## YOUR TASK
Whenever a line in the data holds the string "Road", pull that line out.

## Items listed in a dataset
•••••

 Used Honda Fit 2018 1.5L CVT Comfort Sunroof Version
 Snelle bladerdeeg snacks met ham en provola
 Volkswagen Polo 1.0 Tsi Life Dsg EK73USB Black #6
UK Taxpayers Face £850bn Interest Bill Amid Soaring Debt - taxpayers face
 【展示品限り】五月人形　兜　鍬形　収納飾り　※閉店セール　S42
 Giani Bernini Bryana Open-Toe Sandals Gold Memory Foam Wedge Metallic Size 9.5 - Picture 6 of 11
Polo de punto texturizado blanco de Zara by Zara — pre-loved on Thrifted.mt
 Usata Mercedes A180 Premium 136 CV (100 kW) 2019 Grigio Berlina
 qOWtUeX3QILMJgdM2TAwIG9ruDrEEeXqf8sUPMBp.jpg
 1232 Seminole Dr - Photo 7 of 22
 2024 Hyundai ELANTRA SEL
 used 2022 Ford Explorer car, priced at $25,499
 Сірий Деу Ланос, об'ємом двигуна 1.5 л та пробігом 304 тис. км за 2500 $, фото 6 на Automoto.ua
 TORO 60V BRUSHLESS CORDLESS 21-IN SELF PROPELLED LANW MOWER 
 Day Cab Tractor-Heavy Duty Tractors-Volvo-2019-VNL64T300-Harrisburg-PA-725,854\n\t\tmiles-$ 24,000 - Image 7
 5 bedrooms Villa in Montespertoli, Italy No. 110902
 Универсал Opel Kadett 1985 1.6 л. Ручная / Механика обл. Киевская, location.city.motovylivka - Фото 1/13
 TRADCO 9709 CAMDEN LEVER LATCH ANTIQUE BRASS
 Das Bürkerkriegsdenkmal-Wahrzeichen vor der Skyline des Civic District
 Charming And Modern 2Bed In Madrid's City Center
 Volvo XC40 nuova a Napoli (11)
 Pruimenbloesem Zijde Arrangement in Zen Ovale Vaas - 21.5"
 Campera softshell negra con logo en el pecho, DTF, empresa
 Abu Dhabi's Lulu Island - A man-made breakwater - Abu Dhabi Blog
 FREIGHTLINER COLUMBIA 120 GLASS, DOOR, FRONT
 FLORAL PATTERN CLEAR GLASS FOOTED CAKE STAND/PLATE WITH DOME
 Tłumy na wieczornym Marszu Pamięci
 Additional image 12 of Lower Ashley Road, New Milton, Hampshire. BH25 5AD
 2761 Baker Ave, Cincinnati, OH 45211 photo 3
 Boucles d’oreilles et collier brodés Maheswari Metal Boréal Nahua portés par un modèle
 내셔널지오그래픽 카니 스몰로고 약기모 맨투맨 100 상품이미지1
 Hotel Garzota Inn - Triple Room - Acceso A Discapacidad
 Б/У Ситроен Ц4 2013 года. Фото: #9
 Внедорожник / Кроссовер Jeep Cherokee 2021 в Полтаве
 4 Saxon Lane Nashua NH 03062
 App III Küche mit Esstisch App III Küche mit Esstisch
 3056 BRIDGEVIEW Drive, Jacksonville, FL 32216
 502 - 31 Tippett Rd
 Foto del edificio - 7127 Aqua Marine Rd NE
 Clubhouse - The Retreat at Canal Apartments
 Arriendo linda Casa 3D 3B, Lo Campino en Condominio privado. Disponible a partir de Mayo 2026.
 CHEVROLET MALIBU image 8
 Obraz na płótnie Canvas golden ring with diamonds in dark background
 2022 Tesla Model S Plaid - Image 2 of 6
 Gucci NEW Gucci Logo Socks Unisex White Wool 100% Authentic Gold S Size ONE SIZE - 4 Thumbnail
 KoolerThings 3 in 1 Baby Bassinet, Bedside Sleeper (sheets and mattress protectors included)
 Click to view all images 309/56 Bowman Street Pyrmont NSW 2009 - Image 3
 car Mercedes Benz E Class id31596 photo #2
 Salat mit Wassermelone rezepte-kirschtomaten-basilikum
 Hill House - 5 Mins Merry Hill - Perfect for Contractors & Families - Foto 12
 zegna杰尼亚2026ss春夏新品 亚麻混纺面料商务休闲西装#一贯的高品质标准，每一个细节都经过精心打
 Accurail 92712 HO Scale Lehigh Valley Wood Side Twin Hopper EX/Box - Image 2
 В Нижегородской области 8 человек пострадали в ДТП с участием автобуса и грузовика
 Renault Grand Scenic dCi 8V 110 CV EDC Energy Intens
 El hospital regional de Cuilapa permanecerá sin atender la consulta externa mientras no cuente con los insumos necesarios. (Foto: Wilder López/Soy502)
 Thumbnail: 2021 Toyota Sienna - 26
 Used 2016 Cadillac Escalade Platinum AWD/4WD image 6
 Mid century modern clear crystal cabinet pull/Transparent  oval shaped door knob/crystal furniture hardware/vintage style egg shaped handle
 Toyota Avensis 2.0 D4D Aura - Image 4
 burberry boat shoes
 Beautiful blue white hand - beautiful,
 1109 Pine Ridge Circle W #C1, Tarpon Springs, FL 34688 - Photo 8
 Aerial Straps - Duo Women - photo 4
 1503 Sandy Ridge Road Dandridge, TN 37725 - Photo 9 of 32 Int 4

•••••

## EXERCISE ANSWER
 Additional image 12 of Lower Ashley Road, New Milton, Hampshire. BH25 5AD
 1503 Sandy Ridge Road Dandridge, TN 37725 - Photo 9 of 32 Int 4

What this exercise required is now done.